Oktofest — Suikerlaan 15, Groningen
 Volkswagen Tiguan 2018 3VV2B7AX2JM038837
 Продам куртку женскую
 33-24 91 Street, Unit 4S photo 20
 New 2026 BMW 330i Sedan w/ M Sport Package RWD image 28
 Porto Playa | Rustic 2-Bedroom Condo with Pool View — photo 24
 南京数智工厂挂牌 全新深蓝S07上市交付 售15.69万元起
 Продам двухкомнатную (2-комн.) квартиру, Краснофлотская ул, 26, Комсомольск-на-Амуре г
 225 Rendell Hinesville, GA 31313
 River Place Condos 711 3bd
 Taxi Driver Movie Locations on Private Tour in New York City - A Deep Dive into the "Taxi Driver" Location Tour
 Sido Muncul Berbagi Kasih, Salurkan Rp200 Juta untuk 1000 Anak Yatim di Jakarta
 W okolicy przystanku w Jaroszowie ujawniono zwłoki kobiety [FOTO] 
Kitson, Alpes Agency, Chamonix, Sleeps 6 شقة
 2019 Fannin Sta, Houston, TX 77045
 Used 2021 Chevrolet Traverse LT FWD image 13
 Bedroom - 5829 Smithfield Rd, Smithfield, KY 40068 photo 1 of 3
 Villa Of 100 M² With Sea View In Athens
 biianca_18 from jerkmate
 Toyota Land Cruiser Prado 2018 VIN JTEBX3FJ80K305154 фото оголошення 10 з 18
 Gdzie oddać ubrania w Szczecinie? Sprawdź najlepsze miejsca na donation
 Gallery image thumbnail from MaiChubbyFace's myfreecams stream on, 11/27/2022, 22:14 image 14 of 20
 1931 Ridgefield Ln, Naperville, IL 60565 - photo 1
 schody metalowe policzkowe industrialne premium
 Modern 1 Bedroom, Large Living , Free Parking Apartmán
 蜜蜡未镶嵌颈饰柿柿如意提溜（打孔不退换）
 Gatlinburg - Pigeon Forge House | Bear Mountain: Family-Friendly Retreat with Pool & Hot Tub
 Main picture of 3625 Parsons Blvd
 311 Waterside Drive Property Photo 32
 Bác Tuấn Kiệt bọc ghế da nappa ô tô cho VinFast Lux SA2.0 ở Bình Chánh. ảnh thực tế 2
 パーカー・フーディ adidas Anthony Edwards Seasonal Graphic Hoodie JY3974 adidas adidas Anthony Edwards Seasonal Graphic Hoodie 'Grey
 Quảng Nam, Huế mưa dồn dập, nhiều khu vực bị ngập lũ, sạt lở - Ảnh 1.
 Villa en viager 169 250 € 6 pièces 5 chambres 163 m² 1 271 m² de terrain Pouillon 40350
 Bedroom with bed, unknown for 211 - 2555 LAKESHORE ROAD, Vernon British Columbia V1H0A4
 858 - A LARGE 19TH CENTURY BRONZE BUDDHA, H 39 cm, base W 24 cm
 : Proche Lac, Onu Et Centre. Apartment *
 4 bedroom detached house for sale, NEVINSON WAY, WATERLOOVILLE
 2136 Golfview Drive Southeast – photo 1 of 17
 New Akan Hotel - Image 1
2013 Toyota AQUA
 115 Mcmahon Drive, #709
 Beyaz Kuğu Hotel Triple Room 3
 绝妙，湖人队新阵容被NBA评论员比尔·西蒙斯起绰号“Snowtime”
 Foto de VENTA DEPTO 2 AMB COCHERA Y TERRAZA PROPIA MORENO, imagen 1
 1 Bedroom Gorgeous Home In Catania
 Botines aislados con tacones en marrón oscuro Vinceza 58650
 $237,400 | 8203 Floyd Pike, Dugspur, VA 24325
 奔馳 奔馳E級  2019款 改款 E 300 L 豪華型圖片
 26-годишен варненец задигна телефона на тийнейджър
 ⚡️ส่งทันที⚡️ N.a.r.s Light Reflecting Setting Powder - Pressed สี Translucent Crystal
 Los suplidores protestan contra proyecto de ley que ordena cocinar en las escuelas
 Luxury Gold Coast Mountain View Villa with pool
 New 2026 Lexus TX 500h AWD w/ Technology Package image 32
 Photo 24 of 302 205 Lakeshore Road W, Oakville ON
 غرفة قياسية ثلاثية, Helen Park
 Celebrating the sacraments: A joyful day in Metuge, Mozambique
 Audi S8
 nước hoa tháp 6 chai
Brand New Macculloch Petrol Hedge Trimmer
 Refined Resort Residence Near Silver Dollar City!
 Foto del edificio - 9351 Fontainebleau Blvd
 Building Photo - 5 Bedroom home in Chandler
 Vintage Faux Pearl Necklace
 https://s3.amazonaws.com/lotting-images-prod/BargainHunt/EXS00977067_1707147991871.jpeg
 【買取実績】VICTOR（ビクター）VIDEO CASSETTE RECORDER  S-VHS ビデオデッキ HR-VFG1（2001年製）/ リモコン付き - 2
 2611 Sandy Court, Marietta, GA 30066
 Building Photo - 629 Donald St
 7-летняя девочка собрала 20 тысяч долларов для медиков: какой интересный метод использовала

◆ Work request ◆
Copy every line in the data above that has the string "City" in it.

◆ Exercise result ◆
 Taxi Driver Movie Locations on Private Tour in New York City - A Deep Dive into the "Taxi Driver" Location Tour
 Refined Resort Residence Near Silver Dollar City!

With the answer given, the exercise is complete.